**Task directions**
Please give back the listing below word for word and drop any images.

---*---

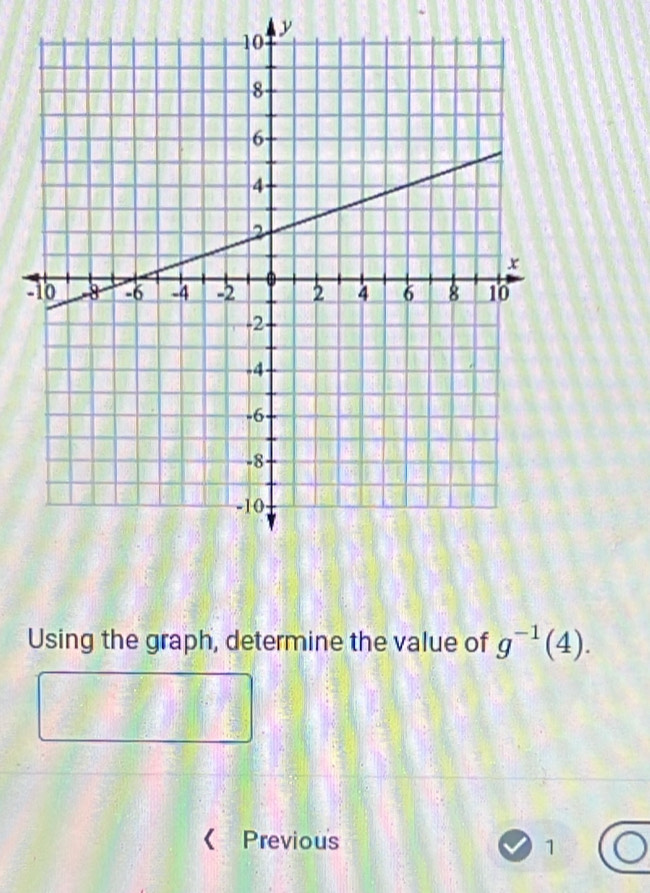 y
- 
Using the graph, determine the value of g^(-1)(4). 
《 Previous 
1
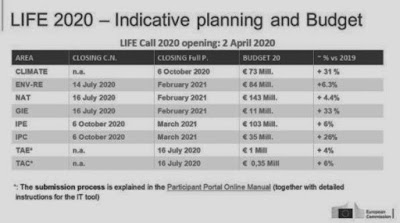 Incremento dei fondi per il bando attuale LIFE2020 (clicca per ingrandire)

---*---

**Expected answer**
 y
- 
Using the graph, determine the value of g^(-1)(4). 
《 Previous 
1
 Incremento dei fondi per il bando attuale LIFE2020 (clicca per ingrandire)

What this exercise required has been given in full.